▶ WHAT THE EXERCISE ASKS: Using only the entries below, output the lines starting at the one containing "Hi everyone, this" and ending at the one containing "Now you'll see", exactly and inclusive of both, omitting the pictures.

▶ DATA FOR THIS EXERCISE:
*** Block opens ***
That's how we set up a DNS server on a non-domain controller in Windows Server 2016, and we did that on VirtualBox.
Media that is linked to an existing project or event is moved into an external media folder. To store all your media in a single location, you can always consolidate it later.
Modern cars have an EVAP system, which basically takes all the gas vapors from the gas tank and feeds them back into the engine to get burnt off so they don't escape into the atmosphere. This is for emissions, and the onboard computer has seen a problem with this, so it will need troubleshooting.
*** Block closes ***
*** Block opens ***
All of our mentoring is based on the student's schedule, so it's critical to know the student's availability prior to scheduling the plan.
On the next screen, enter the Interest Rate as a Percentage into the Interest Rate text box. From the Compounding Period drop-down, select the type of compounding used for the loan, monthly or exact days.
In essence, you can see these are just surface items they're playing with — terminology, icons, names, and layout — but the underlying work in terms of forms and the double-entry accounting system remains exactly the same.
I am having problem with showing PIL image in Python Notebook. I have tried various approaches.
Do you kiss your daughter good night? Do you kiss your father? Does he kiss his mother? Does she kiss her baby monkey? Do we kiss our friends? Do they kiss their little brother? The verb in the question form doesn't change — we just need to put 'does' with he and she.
*** Block closes ***
*** Block opens ***
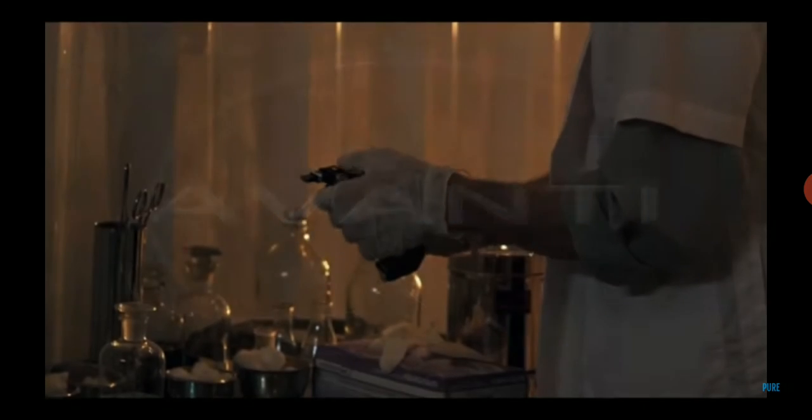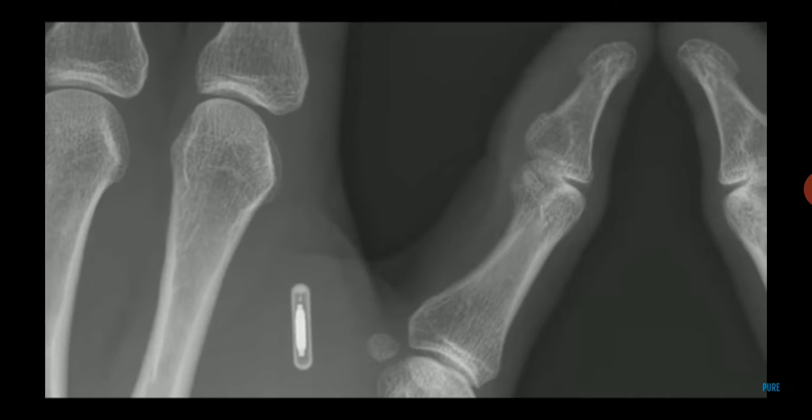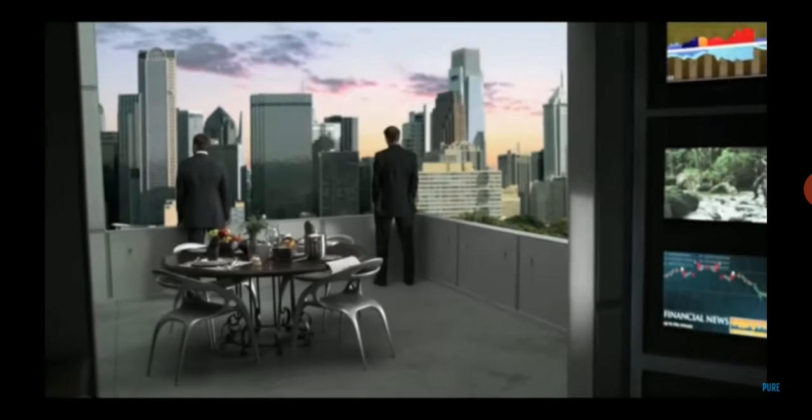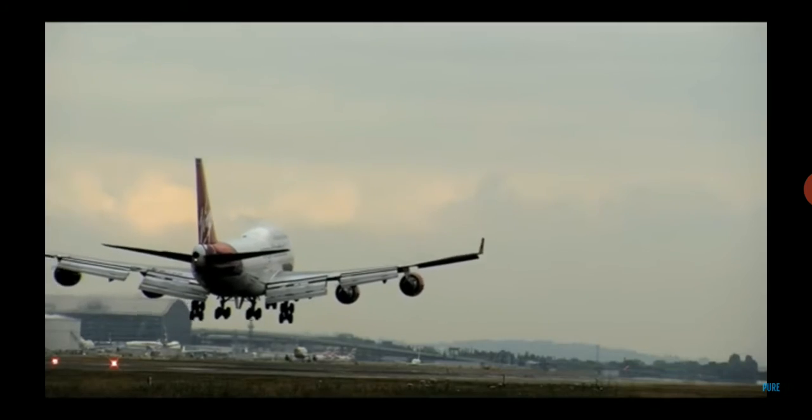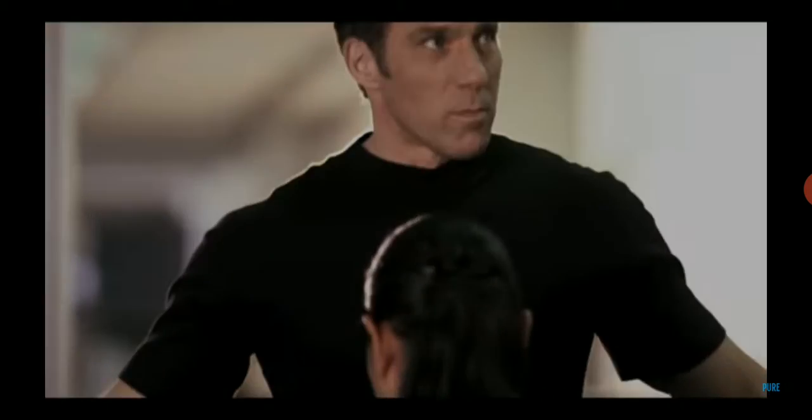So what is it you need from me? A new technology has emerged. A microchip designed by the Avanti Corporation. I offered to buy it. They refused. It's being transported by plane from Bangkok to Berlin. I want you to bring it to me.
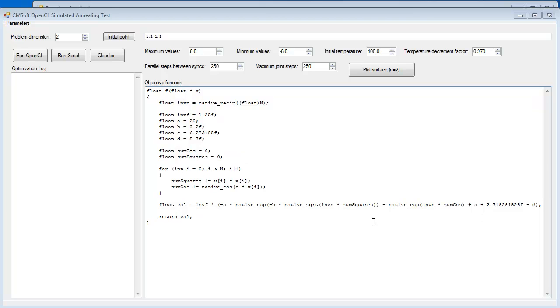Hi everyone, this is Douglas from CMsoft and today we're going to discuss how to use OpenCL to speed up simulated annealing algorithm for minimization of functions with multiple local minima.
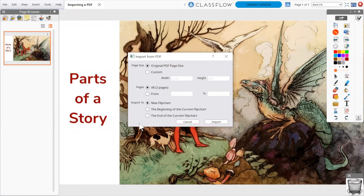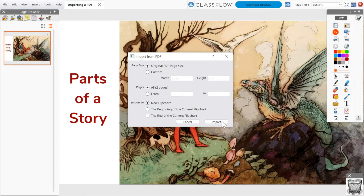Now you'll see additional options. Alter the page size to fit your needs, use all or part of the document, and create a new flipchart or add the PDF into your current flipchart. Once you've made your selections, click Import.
*** Block closes ***
▶ REPLY:
Hi everyone, this is Douglas from CMsoft and today we're going to discuss how to use OpenCL to speed up simulated annealing algorithm for minimization of functions with multiple local minima.
Now you'll see additional options. Alter the page size to fit your needs, use all or part of the document, and create a new flipchart or add the PDF into your current flipchart. Once you've made your selections, click Import.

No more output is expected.